Work request
Exactly as written, set down every entry once more.

Data for review
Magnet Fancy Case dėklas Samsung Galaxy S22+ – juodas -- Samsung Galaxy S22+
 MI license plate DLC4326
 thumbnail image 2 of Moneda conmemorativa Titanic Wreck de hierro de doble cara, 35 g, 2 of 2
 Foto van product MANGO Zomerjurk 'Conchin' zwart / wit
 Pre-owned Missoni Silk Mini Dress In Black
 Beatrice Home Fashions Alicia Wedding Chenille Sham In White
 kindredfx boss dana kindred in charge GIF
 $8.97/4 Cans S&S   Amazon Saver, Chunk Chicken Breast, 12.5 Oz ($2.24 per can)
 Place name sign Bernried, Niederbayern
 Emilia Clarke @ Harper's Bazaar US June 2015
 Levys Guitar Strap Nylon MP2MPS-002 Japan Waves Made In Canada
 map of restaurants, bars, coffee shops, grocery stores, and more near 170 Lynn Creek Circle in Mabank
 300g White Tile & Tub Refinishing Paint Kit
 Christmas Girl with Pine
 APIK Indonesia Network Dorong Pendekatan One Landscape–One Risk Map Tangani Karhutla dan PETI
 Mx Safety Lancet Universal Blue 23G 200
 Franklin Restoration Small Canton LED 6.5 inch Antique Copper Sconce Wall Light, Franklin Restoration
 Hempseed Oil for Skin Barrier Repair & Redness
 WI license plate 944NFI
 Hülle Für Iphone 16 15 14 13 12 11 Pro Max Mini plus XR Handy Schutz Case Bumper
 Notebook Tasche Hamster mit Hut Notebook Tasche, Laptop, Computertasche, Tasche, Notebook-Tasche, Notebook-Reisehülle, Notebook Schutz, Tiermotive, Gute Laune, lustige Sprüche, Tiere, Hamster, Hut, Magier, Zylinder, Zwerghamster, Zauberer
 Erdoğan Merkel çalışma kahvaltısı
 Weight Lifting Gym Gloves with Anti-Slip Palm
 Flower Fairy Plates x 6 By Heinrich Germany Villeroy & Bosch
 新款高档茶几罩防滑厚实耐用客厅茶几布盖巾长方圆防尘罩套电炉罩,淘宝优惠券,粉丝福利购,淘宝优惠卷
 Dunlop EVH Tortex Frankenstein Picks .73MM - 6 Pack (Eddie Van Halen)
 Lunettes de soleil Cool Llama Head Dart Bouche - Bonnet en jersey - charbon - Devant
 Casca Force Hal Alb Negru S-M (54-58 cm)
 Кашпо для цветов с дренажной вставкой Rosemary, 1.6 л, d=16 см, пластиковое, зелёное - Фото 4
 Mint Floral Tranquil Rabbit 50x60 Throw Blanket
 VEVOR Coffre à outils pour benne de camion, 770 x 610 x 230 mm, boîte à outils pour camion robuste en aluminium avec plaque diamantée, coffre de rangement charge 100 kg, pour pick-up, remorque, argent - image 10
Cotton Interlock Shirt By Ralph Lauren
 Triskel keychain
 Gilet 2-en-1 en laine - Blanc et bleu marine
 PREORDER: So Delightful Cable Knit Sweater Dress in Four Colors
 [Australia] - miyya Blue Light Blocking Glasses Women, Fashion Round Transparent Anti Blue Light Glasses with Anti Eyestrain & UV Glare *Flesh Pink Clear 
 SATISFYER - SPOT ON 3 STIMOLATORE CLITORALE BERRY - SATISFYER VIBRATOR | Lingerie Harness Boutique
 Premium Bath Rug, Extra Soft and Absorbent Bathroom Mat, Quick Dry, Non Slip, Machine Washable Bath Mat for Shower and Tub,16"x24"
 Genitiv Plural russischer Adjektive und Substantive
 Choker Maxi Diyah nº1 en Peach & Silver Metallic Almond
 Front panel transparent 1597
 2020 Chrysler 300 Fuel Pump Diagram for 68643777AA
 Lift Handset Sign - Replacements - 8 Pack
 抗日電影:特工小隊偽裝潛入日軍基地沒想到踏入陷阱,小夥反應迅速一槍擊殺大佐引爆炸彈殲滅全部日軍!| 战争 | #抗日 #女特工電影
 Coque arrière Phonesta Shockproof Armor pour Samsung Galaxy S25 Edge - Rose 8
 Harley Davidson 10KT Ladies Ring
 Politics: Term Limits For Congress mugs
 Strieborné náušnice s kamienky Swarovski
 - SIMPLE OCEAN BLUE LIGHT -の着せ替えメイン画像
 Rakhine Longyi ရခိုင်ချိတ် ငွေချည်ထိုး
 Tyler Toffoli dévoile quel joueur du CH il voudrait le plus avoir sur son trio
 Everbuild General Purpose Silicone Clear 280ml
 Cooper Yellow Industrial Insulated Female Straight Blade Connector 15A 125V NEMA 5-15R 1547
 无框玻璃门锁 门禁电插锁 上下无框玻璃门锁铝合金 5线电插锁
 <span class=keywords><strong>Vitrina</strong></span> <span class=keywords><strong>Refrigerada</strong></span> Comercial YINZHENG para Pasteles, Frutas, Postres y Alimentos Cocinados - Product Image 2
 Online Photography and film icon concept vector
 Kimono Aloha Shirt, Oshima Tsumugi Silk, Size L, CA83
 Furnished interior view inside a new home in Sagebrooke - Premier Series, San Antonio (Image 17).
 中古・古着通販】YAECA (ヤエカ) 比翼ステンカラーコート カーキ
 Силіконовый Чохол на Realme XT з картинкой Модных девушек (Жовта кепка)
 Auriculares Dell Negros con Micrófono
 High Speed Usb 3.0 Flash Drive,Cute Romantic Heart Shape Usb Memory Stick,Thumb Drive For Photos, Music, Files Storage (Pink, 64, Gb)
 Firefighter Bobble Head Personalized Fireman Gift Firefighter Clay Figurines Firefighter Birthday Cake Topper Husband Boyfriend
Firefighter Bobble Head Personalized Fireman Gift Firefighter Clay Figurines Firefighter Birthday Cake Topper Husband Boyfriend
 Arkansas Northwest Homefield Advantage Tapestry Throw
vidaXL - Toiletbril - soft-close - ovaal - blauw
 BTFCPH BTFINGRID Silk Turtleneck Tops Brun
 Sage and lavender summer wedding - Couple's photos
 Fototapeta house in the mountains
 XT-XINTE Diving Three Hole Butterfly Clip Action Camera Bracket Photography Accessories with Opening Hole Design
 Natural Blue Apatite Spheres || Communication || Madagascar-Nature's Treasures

Answer to the problem
Magnet Fancy Case dėklas Samsung Galaxy S22+ – juodas -- Samsung Galaxy S22+
 MI license plate DLC4326
 thumbnail image 2 of Moneda conmemorativa Titanic Wreck de hierro de doble cara, 35 g, 2 of 2
 Foto van product MANGO Zomerjurk 'Conchin' zwart / wit
 Pre-owned Missoni Silk Mini Dress In Black
 Beatrice Home Fashions Alicia Wedding Chenille Sham In White
 kindredfx boss dana kindred in charge GIF
 $8.97/4 Cans S&S   Amazon Saver, Chunk Chicken Breast, 12.5 Oz ($2.24 per can)
 Place name sign Bernried, Niederbayern
 Emilia Clarke @ Harper's Bazaar US June 2015
 Levys Guitar Strap Nylon MP2MPS-002 Japan Waves Made In Canada
 map of restaurants, bars, coffee shops, grocery stores, and more near 170 Lynn Creek Circle in Mabank
 300g White Tile & Tub Refinishing Paint Kit
 Christmas Girl with Pine
 APIK Indonesia Network Dorong Pendekatan One Landscape–One Risk Map Tangani Karhutla dan PETI
 Mx Safety Lancet Universal Blue 23G 200
 Franklin Restoration Small Canton LED 6.5 inch Antique Copper Sconce Wall Light, Franklin Restoration
 Hempseed Oil for Skin Barrier Repair & Redness
 WI license plate 944NFI
 Hülle Für Iphone 16 15 14 13 12 11 Pro Max Mini plus XR Handy Schutz Case Bumper
 Notebook Tasche Hamster mit Hut Notebook Tasche, Laptop, Computertasche, Tasche, Notebook-Tasche, Notebook-Reisehülle, Notebook Schutz, Tiermotive, Gute Laune, lustige Sprüche, Tiere, Hamster, Hut, Magier, Zylinder, Zwerghamster, Zauberer
 Erdoğan Merkel çalışma kahvaltısı
 Weight Lifting Gym Gloves with Anti-Slip Palm
 Flower Fairy Plates x 6 By Heinrich Germany Villeroy & Bosch
 新款高档茶几罩防滑厚实耐用客厅茶几布盖巾长方圆防尘罩套电炉罩,淘宝优惠券,粉丝福利购,淘宝优惠卷
 Dunlop EVH Tortex Frankenstein Picks .73MM - 6 Pack (Eddie Van Halen)
 Lunettes de soleil Cool Llama Head Dart Bouche - Bonnet en jersey - charbon - Devant
 Casca Force Hal Alb Negru S-M (54-58 cm)
 Кашпо для цветов с дренажной вставкой Rosemary, 1.6 л, d=16 см, пластиковое, зелёное - Фото 4
 Mint Floral Tranquil Rabbit 50x60 Throw Blanket
 VEVOR Coffre à outils pour benne de camion, 770 x 610 x 230 mm, boîte à outils pour camion robuste en aluminium avec plaque diamantée, coffre de rangement charge 100 kg, pour pick-up, remorque, argent - image 10
Cotton Interlock Shirt By Ralph Lauren
 Triskel keychain
 Gilet 2-en-1 en laine - Blanc et bleu marine
 PREORDER: So Delightful Cable Knit Sweater Dress in Four Colors
 [Australia] - miyya Blue Light Blocking Glasses Women, Fashion Round Transparent Anti Blue Light Glasses with Anti Eyestrain & UV Glare *Flesh Pink Clear 
 SATISFYER - SPOT ON 3 STIMOLATORE CLITORALE BERRY - SATISFYER VIBRATOR | Lingerie Harness Boutique
 Premium Bath Rug, Extra Soft and Absorbent Bathroom Mat, Quick Dry, Non Slip, Machine Washable Bath Mat for Shower and Tub,16"x24"
 Genitiv Plural russischer Adjektive und Substantive
 Choker Maxi Diyah nº1 en Peach & Silver Metallic Almond
 Front panel transparent 1597
 2020 Chrysler 300 Fuel Pump Diagram for 68643777AA
 Lift Handset Sign - Replacements - 8 Pack
 抗日電影:特工小隊偽裝潛入日軍基地沒想到踏入陷阱,小夥反應迅速一槍擊殺大佐引爆炸彈殲滅全部日軍!| 战争 | #抗日 #女特工電影
 Coque arrière Phonesta Shockproof Armor pour Samsung Galaxy S25 Edge - Rose 8
 Harley Davidson 10KT Ladies Ring
 Politics: Term Limits For Congress mugs
 Strieborné náušnice s kamienky Swarovski
 - SIMPLE OCEAN BLUE LIGHT -の着せ替えメイン画像
 Rakhine Longyi ရခိုင်ချိတ် ငွေချည်ထိုး
 Tyler Toffoli dévoile quel joueur du CH il voudrait le plus avoir sur son trio
 Everbuild General Purpose Silicone Clear 280ml
 Cooper Yellow Industrial Insulated Female Straight Blade Connector 15A 125V NEMA 5-15R 1547
 无框玻璃门锁 门禁电插锁 上下无框玻璃门锁铝合金 5线电插锁
 <span class=keywords><strong>Vitrina</strong></span> <span class=keywords><strong>Refrigerada</strong></span> Comercial YINZHENG para Pasteles, Frutas, Postres y Alimentos Cocinados - Product Image 2
 Online Photography and film icon concept vector
 Kimono Aloha Shirt, Oshima Tsumugi Silk, Size L, CA83
 Furnished interior view inside a new home in Sagebrooke - Premier Series, San Antonio (Image 17).
 中古・古着通販】YAECA (ヤエカ) 比翼ステンカラーコート カーキ
 Силіконовый Чохол на Realme XT з картинкой Модных девушек (Жовта кепка)
 Auriculares Dell Negros con Micrófono
 High Speed Usb 3.0 Flash Drive,Cute Romantic Heart Shape Usb Memory Stick,Thumb Drive For Photos, Music, Files Storage (Pink, 64, Gb)
 Firefighter Bobble Head Personalized Fireman Gift Firefighter Clay Figurines Firefighter Birthday Cake Topper Husband Boyfriend
Firefighter Bobble Head Personalized Fireman Gift Firefighter Clay Figurines Firefighter Birthday Cake Topper Husband Boyfriend
 Arkansas Northwest Homefield Advantage Tapestry Throw
vidaXL - Toiletbril - soft-close - ovaal - blauw
 BTFCPH BTFINGRID Silk Turtleneck Tops Brun
 Sage and lavender summer wedding - Couple's photos
 Fototapeta house in the mountains
 XT-XINTE Diving Three Hole Butterfly Clip Action Camera Bracket Photography Accessories with Opening Hole Design
 Natural Blue Apatite Spheres || Communication || Madagascar-Nature's Treasures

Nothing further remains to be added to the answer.